No deja de ser verdad que Antonio López está poseído por una especie de hechizo de
la realidad, de deseo de la realidad, de la manera en que los objetos y las personas se
aparecen como fenómenos, y que la descripción veraz de esas apariencias es una actividad
que se identifica con su acto de pintar. La intensidad con que es capaz de revelar las cosas
reales a través de la pintura es sorprendente, y a ello aplica todo un sistema de mediciones al
espacio y de atención al curso del tiempo —la identidad de las estaciones y las horas, con la
luz como gran protagonista de los periodos perceptivos; el cambio paulatino de las personas y
las cosas—, y una sabiduría maestra para la descripción del mundo visible. No es extraño que
los resultados de su pintura y toda una mitología en torno a su relación con los modelos —su
lentitud, sus pentimenti derivados de las transformaciones reales— hayan acaparado el interés
del público por su virtuosismo y por su obsesión de la realidad. Otras cuestiones, como la
profunda evolución de su obra en los cerca de sesenta años en que se está produciendo, y
que afecta a la diversa naturaleza de su concepción de la realidad y de la pintura, o la
enorme carga simbólica que pesa sobre ella, más allá de la evidencia de lo inmediato, quedan
más escondidas.
5 El tiempo
(…) El tiempo cronológico de las estaciones del año y el de las horas del día están
representados en toda su múltiple variedad —hay amaneceres y atardeceres, mediodías y
noches—. Y está la presencia temporal de la simultaneidad vertebrando la influencia cubista
de la reunificación de los espacios fragmentados. Muy cercana debe situarse la naturaleza
secuencial, ‘cinematográfica’, que hemos visto en la representación reiterada de algunos
motivos —su estudio, Tomelloso, Madrid— como planos de un documental de esencial,
descarnada temática espacio-temporal. Una compleja polifonía de temas referidos al tiempo
caracterizan, pues, el trabajo de Antonio López.

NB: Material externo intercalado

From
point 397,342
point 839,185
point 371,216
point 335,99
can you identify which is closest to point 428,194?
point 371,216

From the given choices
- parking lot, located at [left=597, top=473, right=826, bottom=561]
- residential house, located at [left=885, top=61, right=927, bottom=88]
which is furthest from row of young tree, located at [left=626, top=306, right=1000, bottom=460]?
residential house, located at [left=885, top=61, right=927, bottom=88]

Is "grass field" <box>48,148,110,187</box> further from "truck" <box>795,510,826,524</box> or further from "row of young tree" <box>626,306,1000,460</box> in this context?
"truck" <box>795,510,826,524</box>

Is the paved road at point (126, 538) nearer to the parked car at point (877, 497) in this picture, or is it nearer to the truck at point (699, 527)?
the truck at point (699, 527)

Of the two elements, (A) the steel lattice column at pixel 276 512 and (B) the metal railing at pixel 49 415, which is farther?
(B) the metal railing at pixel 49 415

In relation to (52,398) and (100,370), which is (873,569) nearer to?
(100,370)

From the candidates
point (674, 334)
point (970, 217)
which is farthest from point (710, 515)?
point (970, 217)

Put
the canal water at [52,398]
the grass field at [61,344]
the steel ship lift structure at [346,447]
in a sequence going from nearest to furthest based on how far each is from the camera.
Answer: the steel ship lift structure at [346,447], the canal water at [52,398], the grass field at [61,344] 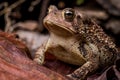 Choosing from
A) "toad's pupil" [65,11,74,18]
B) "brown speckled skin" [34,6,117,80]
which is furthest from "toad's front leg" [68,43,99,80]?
"toad's pupil" [65,11,74,18]

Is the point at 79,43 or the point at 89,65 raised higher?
the point at 79,43

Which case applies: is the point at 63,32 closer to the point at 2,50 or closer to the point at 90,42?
the point at 90,42

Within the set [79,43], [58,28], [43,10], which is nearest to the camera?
[58,28]

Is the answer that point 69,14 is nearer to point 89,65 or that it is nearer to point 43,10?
point 89,65

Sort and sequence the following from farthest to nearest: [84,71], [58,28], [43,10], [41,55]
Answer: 1. [43,10]
2. [41,55]
3. [58,28]
4. [84,71]

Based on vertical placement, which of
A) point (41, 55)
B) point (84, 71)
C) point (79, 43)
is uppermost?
point (79, 43)

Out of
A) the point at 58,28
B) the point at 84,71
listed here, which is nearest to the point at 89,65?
the point at 84,71

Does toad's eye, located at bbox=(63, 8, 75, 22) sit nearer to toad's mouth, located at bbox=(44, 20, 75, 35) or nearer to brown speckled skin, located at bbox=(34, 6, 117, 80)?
brown speckled skin, located at bbox=(34, 6, 117, 80) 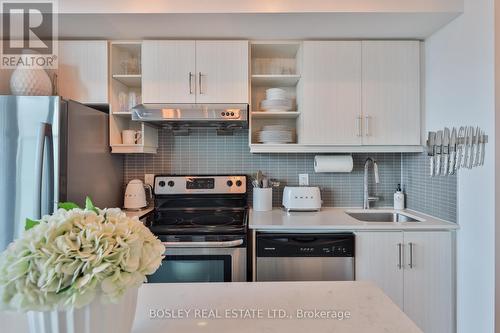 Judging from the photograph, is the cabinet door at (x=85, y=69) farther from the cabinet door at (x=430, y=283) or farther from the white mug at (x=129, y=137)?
the cabinet door at (x=430, y=283)

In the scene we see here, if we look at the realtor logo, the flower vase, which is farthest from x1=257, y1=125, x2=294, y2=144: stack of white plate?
the flower vase

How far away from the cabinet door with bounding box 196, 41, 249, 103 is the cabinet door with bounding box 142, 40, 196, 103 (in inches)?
2.6

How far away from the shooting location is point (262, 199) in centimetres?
217

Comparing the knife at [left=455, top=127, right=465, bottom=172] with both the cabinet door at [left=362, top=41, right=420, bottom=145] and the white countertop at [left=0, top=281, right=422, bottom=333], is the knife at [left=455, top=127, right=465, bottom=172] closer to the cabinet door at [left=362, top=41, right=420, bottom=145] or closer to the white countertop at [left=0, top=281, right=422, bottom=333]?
the white countertop at [left=0, top=281, right=422, bottom=333]

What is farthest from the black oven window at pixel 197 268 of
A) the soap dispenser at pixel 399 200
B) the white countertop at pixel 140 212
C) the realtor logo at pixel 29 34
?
the realtor logo at pixel 29 34

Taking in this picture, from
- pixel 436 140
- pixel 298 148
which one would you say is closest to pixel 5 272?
pixel 436 140

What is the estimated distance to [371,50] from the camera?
2.03m

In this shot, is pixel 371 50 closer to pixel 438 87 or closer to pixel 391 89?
pixel 391 89

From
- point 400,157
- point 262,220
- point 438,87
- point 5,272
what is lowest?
point 262,220

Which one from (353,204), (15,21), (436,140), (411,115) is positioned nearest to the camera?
(436,140)

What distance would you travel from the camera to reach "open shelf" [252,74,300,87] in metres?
2.09

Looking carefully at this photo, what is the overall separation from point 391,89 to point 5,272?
226 cm

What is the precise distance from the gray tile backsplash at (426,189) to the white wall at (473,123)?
10 cm

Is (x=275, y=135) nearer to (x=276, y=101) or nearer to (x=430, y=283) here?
(x=276, y=101) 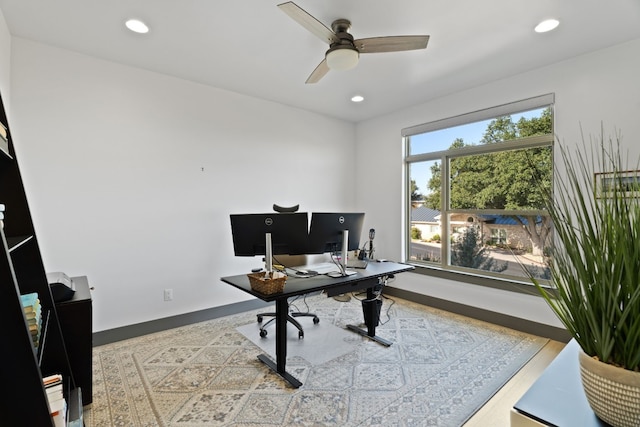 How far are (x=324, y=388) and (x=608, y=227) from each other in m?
1.94

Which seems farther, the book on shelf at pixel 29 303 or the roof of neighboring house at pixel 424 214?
the roof of neighboring house at pixel 424 214

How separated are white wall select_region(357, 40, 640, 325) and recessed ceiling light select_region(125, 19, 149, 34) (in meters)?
3.14

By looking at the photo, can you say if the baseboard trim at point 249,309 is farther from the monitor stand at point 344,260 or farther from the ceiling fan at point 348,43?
the ceiling fan at point 348,43

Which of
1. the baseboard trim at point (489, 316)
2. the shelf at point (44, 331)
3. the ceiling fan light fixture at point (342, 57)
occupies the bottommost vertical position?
the baseboard trim at point (489, 316)

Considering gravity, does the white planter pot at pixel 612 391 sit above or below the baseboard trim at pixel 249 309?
above

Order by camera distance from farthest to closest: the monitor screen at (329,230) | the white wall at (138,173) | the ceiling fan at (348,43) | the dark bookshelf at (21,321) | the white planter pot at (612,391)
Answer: the white wall at (138,173) < the monitor screen at (329,230) < the ceiling fan at (348,43) < the dark bookshelf at (21,321) < the white planter pot at (612,391)

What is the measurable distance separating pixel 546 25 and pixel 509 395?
8.91 ft

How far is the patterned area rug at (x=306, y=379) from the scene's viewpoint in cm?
189

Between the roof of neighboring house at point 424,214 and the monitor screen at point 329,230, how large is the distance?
6.02 ft

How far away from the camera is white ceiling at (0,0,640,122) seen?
213 centimetres

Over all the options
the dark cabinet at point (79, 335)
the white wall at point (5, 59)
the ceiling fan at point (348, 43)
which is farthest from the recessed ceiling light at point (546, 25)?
the white wall at point (5, 59)

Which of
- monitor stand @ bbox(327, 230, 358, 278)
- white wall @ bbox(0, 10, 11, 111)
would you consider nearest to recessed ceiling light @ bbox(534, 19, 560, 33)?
monitor stand @ bbox(327, 230, 358, 278)

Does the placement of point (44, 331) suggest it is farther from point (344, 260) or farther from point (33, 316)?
point (344, 260)

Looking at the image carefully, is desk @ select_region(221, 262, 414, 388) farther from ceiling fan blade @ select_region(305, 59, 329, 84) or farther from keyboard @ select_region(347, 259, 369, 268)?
ceiling fan blade @ select_region(305, 59, 329, 84) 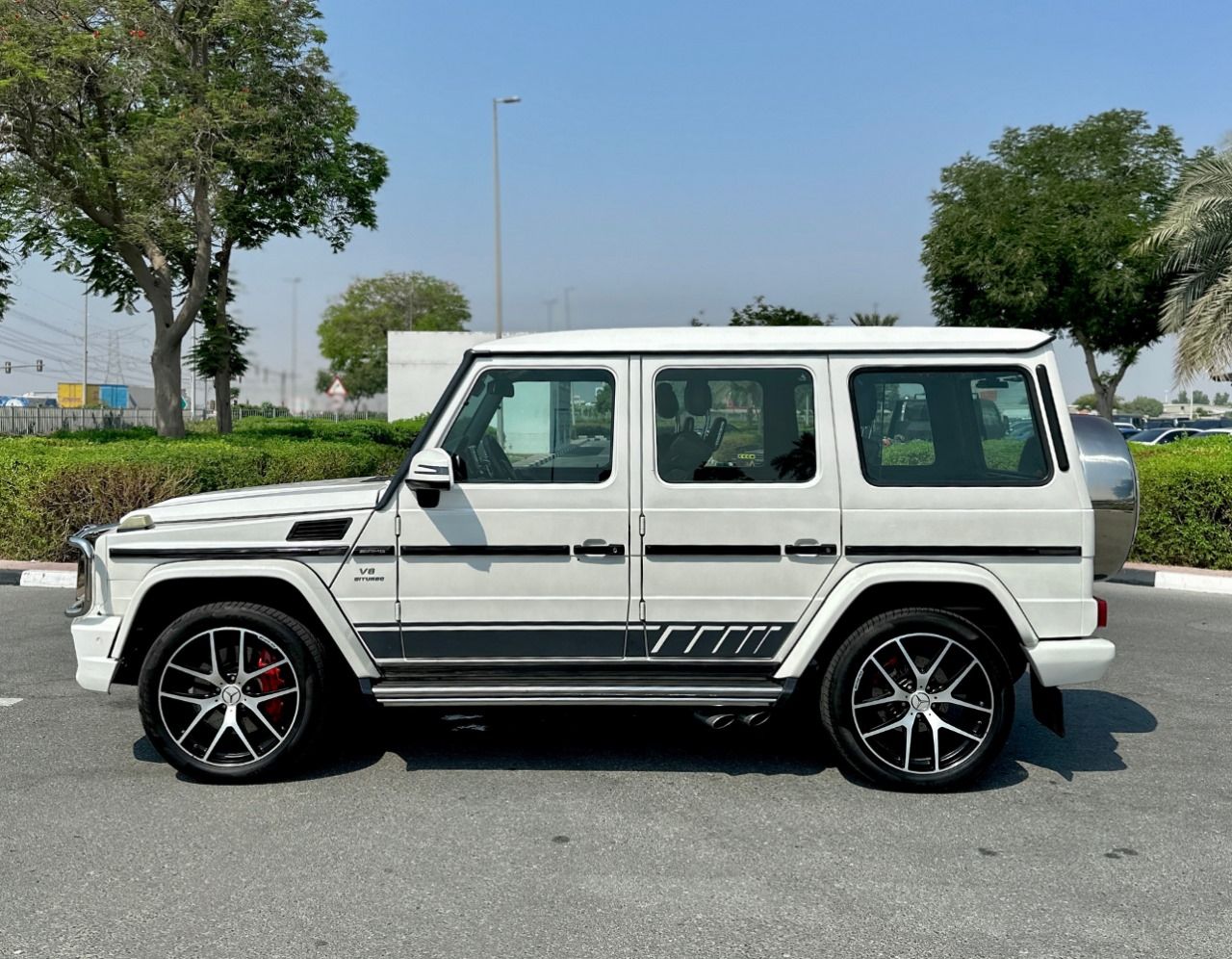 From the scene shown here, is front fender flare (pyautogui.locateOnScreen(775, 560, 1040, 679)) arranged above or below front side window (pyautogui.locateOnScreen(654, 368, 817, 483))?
below

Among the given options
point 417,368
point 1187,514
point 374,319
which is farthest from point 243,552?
point 374,319

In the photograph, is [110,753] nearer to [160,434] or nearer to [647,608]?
[647,608]

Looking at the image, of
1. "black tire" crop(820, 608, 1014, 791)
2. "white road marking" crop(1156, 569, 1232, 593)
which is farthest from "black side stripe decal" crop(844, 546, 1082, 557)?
"white road marking" crop(1156, 569, 1232, 593)

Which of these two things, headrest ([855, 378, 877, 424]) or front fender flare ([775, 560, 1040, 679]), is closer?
front fender flare ([775, 560, 1040, 679])

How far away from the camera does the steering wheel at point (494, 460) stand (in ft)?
15.4

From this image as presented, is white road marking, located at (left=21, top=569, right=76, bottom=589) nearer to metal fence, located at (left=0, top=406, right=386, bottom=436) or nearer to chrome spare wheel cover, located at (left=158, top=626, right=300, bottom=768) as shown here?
chrome spare wheel cover, located at (left=158, top=626, right=300, bottom=768)

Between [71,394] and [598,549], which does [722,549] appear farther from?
[71,394]

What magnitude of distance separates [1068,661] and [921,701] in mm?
632

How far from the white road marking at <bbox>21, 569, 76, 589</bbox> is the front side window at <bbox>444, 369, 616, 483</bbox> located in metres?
7.16

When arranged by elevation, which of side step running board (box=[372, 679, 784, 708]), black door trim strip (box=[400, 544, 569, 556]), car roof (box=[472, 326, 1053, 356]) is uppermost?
car roof (box=[472, 326, 1053, 356])

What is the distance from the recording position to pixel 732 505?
15.2 feet

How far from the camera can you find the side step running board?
4578mm

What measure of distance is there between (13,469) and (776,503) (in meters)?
9.39

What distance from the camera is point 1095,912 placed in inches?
142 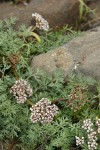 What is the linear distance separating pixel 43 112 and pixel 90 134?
44 centimetres

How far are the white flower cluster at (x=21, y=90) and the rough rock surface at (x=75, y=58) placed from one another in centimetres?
38

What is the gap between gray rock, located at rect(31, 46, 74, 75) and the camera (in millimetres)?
4235

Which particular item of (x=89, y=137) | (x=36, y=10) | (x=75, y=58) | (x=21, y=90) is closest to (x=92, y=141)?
(x=89, y=137)

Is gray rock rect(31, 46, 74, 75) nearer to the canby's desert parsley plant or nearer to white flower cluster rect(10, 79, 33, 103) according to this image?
white flower cluster rect(10, 79, 33, 103)

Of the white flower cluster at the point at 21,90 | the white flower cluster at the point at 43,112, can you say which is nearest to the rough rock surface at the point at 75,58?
the white flower cluster at the point at 21,90

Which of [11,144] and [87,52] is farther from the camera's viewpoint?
[87,52]

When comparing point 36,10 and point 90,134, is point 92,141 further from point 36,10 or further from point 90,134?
point 36,10

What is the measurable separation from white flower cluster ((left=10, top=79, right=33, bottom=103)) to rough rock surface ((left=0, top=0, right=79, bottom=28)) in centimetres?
138

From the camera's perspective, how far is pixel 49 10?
17.5ft

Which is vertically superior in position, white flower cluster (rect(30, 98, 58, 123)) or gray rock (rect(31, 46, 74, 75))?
gray rock (rect(31, 46, 74, 75))

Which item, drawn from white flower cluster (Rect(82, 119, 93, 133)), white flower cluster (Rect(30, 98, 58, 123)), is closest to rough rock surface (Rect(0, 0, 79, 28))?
white flower cluster (Rect(30, 98, 58, 123))

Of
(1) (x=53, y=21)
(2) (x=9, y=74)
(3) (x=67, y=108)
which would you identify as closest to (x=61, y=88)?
(3) (x=67, y=108)

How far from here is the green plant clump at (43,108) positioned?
381cm

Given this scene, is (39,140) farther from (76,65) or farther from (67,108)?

Está el tiempo lento de un pueblo como Tomelloso, con la pesada soledad de sus calles
y la parsimoniosa manera de habitarlas de su gente, sin prisa, sin aspavientos, como solemnes
actores de un drama sin estridencias que desgranan en las calles eternos coloquios sin
importancia. (…) El tiempo de Tomelloso es el de la infancia, dilatado, sin límites. El tiempo de
las siestas y el de los señalados y separados eventos que configuran el calendario
imperecedero de los años iniciales: los nacimientos, las primeras comuniones, las bodas y las
muertes. En el Tomelloso que nos describe Antonio López puede bajarse a la calle sin miedo a
que la prisa destruya el paso imponente de las horas. Ese latido cósmico del tiempo lento se
percibe mejor en las aceras del pueblo manchego que en los espacios interiores del estudio.
Pero también, con una proporción épica, se encuentra en los horizontes de Madrid, aunque en
la ciudad haya que colocarse muy alto para recuperar el silencio y la lentitud. Hay que situarse
frente al horizonte y eludir a los habitantes que hormiguean abajo. Se necesita una ciudad
deshabitada para sentir el peso del tiempo.
El itinerario
(…) Da la impresión de que un invencible pudor le mantiene dentro de un círculo muy
cerrado de temas, que, sin embargo, le son suficientes para desarrollar una visión totalizadora
de la existencia. La geografía de sus viajes comienza en el lugar de partida más íntimo, desde
el principal refugio, desde el que el hombre emprende cada día su camino cotidiano. Ese lugar
es la cama, de donde se traslada al resto del espacio de la alcoba y al de las demás
habitaciones de la casa, particularmente las de uso común. En su caso existe también el
estudio como centro primordial de intimidad. Luego está la ventana, por la que realiza su
primera apertura a la realidad exterior, y luego la puerta, la de la terraza, la del jardín, la de la
calle, a través de las cuales se accede al territorio del riesgo, las calles, el pueblo, la ciudad, y
finalmente, como última frontera, se asoma a la contemplación del horizonte. Por otra parte, la
imagen de los muebles, sobre todo la de aquellos que se manifiestan con sombría profundidad,
la de la buhardilla o la del sótano estimulan el itinerario en sentido contrario, hacia una
clausurada intimidad. Este recorrido que parece elemental, este mundo cerrado contiene todo
el mundo y describe la esencia de un espacio antropocéntrico.”